By substituting the values in the above equation as follows:

$\begin{array}{c}\Delta T={\left(100-0\right)}^{\circ }\text{C}\\ ={100}^{\circ }\text{C}\end{array}$

The specific heat of water is $\text{4}\text{.184 }\text{J}/\text{g}{.}^{\circ }\text{C}$.

Substitute the required values in the equation as follows:

$\begin{array}{c}q=sm\Delta T\\ \text{ =4}\text{.184 }\frac{\text{J}}{\cancel{\text{g}}.°\cancel{\text{C}}}\times 866\cancel{\text{g}}\times \text{100}°\cancel{\text{C}}\\ =\text{3}\text{.623}\times {\text{10}}^{\text{5}}\cancel{\text{J}}\times \frac{\text{1kJ}}{\text{1000 }\cancel{\text{J}}}\\ \approx 362.3\text{ kJ}\\ \end{array}$

Step $4$: The amount of energy needed for phase change from liquid water to steam is calculated using the equation as follows:

$q=n\Delta H_{\text{fus}}$

Substitute $48.06\text{ mol}$ for $n$ and $40.79\text{kJ}/\text{mol}$ for $\Delta H_{\text{vap}}$ in the equation to calculate the heat energy as follows:

$\begin{array}{c}q=n\Delta H_{\text{vap}}\\ =\left(\text{48}\text{.06 }\cancel{\text{mol}}\right)\left(40.79\text{kJ}/\cancel{\text{mol}}\right)\\ =1960.4\text{ kJ}\end{array}$

Step $5$: The energy required to heat steam from $\text{100°C}$ to $\text{146°C}$ is calculated using the equation as follows:

$q=sm\Delta T$

Calculate the change in temperatureby using the equation as follows:

$\Delta T=T_{\text{final}}-T_{\text{initial}}$

By substituting the values in the above equation as follows:

$\begin{array}{c}\Delta T={\left(146-100\right)}^{\circ }\text{C}\\ ={46}^{\circ }\text{C}\end{array}$

The specific heat of steam is $\text{1}\text{.99}\text{J}/\text{g}{.}^{\circ }\text{C}$.

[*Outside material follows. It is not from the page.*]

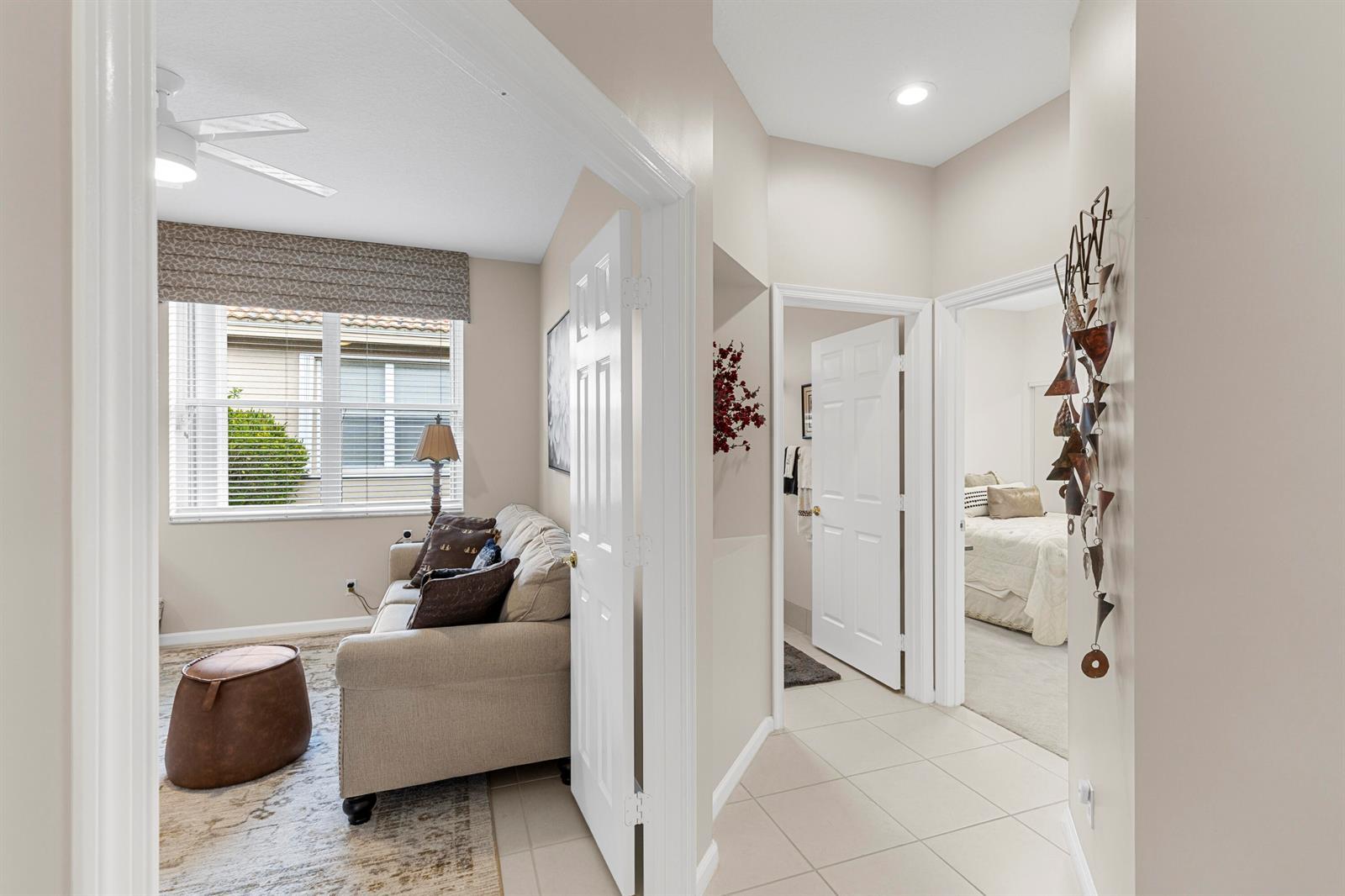 9719 Crescent View Drive S, Boynton Beach FL 33437 photo 4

Substitute the required values in the equation as follows:

$\begin{array}{c}q=sm\Delta T\\ \text{ =1}\text{.99 }\frac{\text{J}}{\cancel{\text{g}}.°\cancel{\text{C}}}\times 866\cancel{\text{g}}\times \text{46}°\cancel{\text{C}}\\ =\text{7}\text{.927}\times {\text{10}}^{\text{4}}\cancel{\text{J}}\times \frac{\text{1kJ}}{\text{1000 }\cancel{\text{J}}}\\ \approx 79.3\text{ kJ}\\ \end{array}$

The total amount of energy needed is the sum of all energy changes calculated in the above steps.

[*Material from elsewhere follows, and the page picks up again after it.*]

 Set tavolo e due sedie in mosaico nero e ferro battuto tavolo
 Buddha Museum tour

It is calculated as follows:

$\begin{array}{c}\text{Total energy }=26.4\text{ kJ}+288.5\text{ kJ}+362.3\text{ kJ}+1960.4\text{ kJ}+79.3\text{ kJ}\\ =2716.9\text{ kJ}\\ =\text{2}\text{.72}\times {\text{10}}^{\text{3}}\text{kJ}\end{array}$

Conclusion

The amount of heat energy needed to convert 866g of ice at –15°Cto steam at $\text{146°C}$ is $\text{2}\text{.72}\times {\text{10}}^{\text{3}}\text{kJ}$.